Assignment 2: Exploratory Question Report

Assignment 2: Exploratory Question Report#

The second project assignment is to answer the Exploratory Questions laid out in your initial proposal. The report should be written to an imaginary but specified stakeholder (please state at the top of the report who you imagine your stakeholder to be).

It should answer at least three Exploratory Questions. Of the three Exploratory Questions you seek to answer, at least one must be answered through your own analysis (i.e., you must load data into Python/R and generate your answers). You may answer up to two by citing reputable sources (if someone else has already found the answer, why re-invent the wheel?!).

The report should be written according to the principles in this document (which will be familiar to those of you who took Practical Data Science).

Please start your document with a quick note on who you imagine as your stakeholder (a CEO, a public policy expert, etc.).

Finding Data#

To help you along your way, here’s a compilation of a huge number of public data sources. It’s far from exhaustive, but a good place to browse if you’re unsure how to answer one of your questions.

Still stuck?

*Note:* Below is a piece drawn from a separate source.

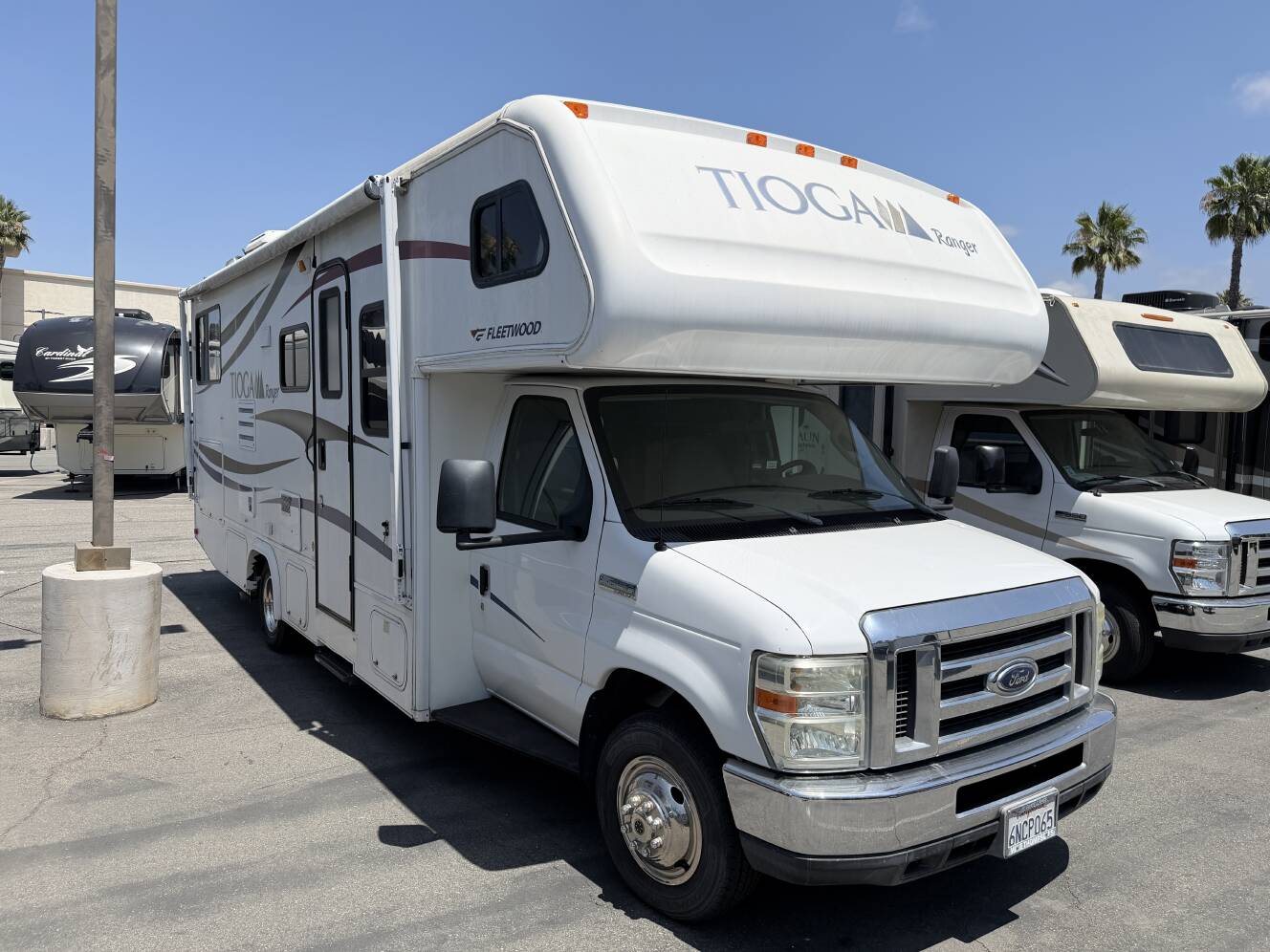 A photo of this 2009 Fleetwood TIOGA 26Q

Let me know and we can brainstorm together.

Length#

I’m relatively flexible on length — I imagine most will be in the three to six-page range, including appendices and figures and provide additional information.

Structure#

My philosophy on document structure is that the way a document is organized should always be purely instrumental — that is, you should always organize your document in the way that best serves the goals of the document. As the goal of this report is to communicate what you have learned by answering your Exploratory Questions to your stakeholder, the way you organize your report should reflect that goal (again, review the Writing to Stakeholders reading for guidance on how best to accomplish that goal).

That means that your report will probably not have a structure that mirrors the “state a problem and three questions you plan to answer” structure of the last assignment you completed. That structure was chosen to help you organize your thoughts at the problem and question generation stage. But you’ve now answered those questions and (presumably!) learned a lot in the process, and given your goal has changed and what you know has changed, so too should the structure of your report.

Writing a Coherent Report#

A final suggestion: there are some tasks in data science and in life that can be easily parallelized, and others than cannot. Writing a good, coherent report, in my experience, is very hard to do in a fully parallelized manner.

The “problem and three questions” structure that you used for the last assignment naturally lends itself to a divide-and-conquer approach in which different people answer and write up different questions. And for the first draft of your report, that’s a reasonable strategy. But that approach also tends to create a very fragmented report without a clear message.

With that in mind, I would recommend that after pulling together a first draft of the various answers your team has collected, get together and discuss what you think is the take-away you want to communicate to your stakeholder. Then, with that in hand, move to a serial workflow in which one person takes a crack at editing the entire report. This person should feel unafraid to cut or move things around. Then let someone else read it and make edits. But since the report will be read from start to finish by one person, it makes a lot of sense that it be written (or at least edited) from start to finish by one person at a time.

Due Date#

Your Exploratory Question Report is due February 13th.